Ainsi la production pétrolière du Sénégal est relativement faible en Afrique, comparativement aux principaux acteurs comme le Nigéria, premier producteur africain avec une production quotidienne variant entre 1,2 et 1,5 million de barils en 2024. L’Angola et l’Algérie ayant une production d’environ 1 million de barils par jour. Ces chiffres montrent que notre production reste nettement inférieure à celle des grands producteurs africains. Toutefois, cette entrée dans le secteur pétrolier fait du Sénégal un producteur émergent. Ce statut pourrait évoluer si les réserves et la production augmentent dans les années à venir.
Potentiel de réduction du déficit budgétaire : Comment mieux assumer notre objectif de souveraineté
Nous devons maintenant nous interroger : ce niveau de production peut-il nous aider à combler notre déficit budgétaire et à renforcer notre souveraineté économique ?

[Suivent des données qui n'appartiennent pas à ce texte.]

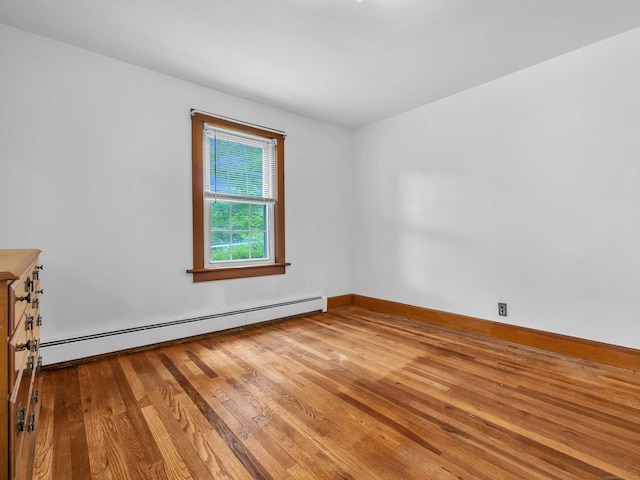 79 E Pattagansett Rd, East Lyme, CT 06357 - empty room with a baseboard radiator and wood finished floors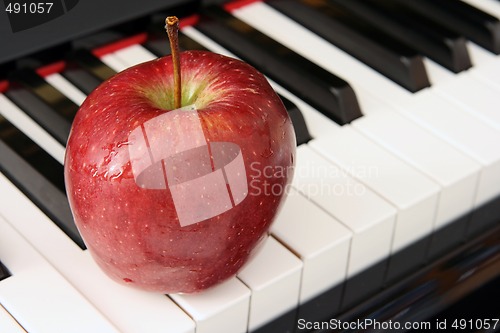 Image of apple and piano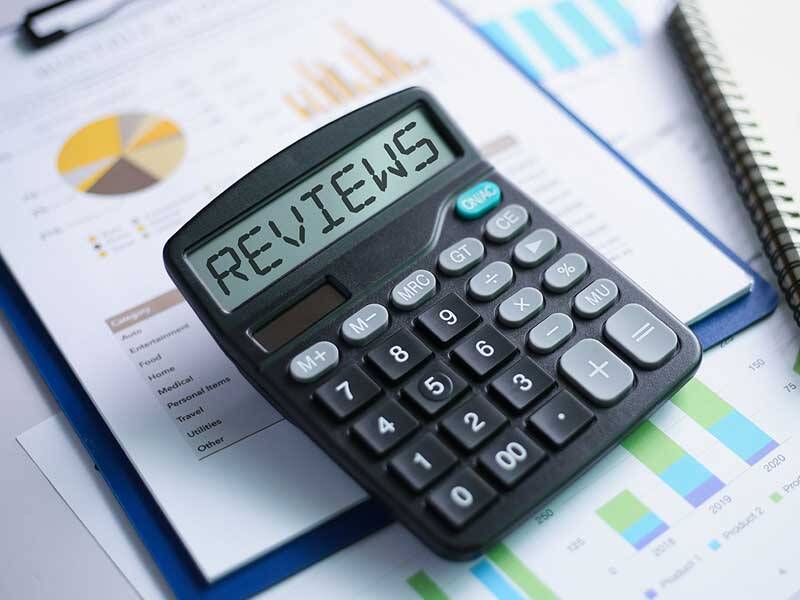 Calculator with the word Review written in the screen along wth charts and information on paper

Pour évaluer cela, examinons les revenus générés par cette production. Le déficit budgétaire du Sénégal est estimé à environ 940,2 milliards de FCFA. Avec les hypothèses de calcul suivantes avec un prix moyen du pétrole à 85 USD par baril et un taux de change à 620 FCFA pour 1 dollar USD. On constate que pour une production de 8,17 millions de barils en quatre mois, les revenus totaux de cette production seraient d’environ 429,7 milliards de FCFA pour cette période. Cependant, seuls 10% de ces revenus reviennent au Sénégal, sans compter les recettes fiscales qui y sont liées. Pour un déficit estimé à 940 milliards de FCFA, ces revenus pétroliers ne couvriraient environ que 13,7% du besoin total.

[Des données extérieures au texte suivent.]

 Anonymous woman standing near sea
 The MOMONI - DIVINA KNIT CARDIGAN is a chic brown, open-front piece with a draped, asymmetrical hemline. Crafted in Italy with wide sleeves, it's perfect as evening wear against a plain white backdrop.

Apprendre des expériences internationales – Le cas hollandais
L’expérience des Pays-Bas, connue sous le nom de “malédiction des ressources” ou syndrome hollandais, peut nous servir de leçon. Lorsque les Pays-Bas ont découvert de vastes ressources en gaz naturel dans les années 1960, ils ont initialement connu une prospérité rapide. Cependant, cette manne a créé une dépendance économique dangereuse qui a freiné le développement de secteurs non énergétiques. En dépit de leurs ressources naturelles, les Pays-Bas ont vu leur économie devenir vulnérable, entraînant chômage et instabilité économique à long terme.

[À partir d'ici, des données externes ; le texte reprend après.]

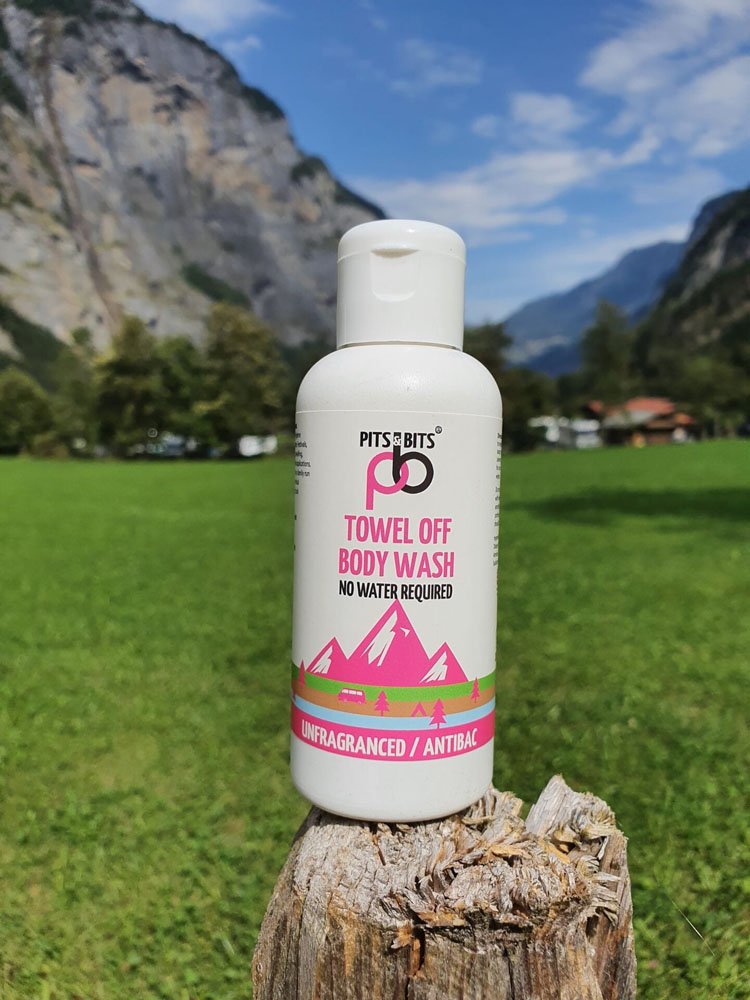 Front view of the Pits & Bits Towel Off Body Wash bottle with pink mountain design and “Unfragranced / Antibac” label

Cette dépendance excessive aux ressources naturelles met en lumière la nécessité pour le Sénégal de diversifier son économie. Nos ressources pétrolières doivent être gérées avec prudence pour éviter de tomber dans ce piège économique. Elles ne peuvent remplacer le rôle du travail et de l’investissement dans l’éducation, la technologie et l’agriculture, qui sont les moteurs durables de notre développement.
L’entrée du Sénégal dans le secteur pétrolier est une opportunité, mais elle doit être abordée avec humilité et une stratégie à long terme. Notre réussite repose sur notre capacité à diversifier l’économie, à investir dans le capital humain et à bâtir des industries solides, créatrices d’emplois et indépendantes des fluctuations des prix du pétrole.
Si le pétrole est une chance, le véritable levier de notre développement reste le travail et l’effort collectif. C’est cela qui améliorera la qualité de vie de tous nos compatriotes et fera de notre pays une véritable nation émergente.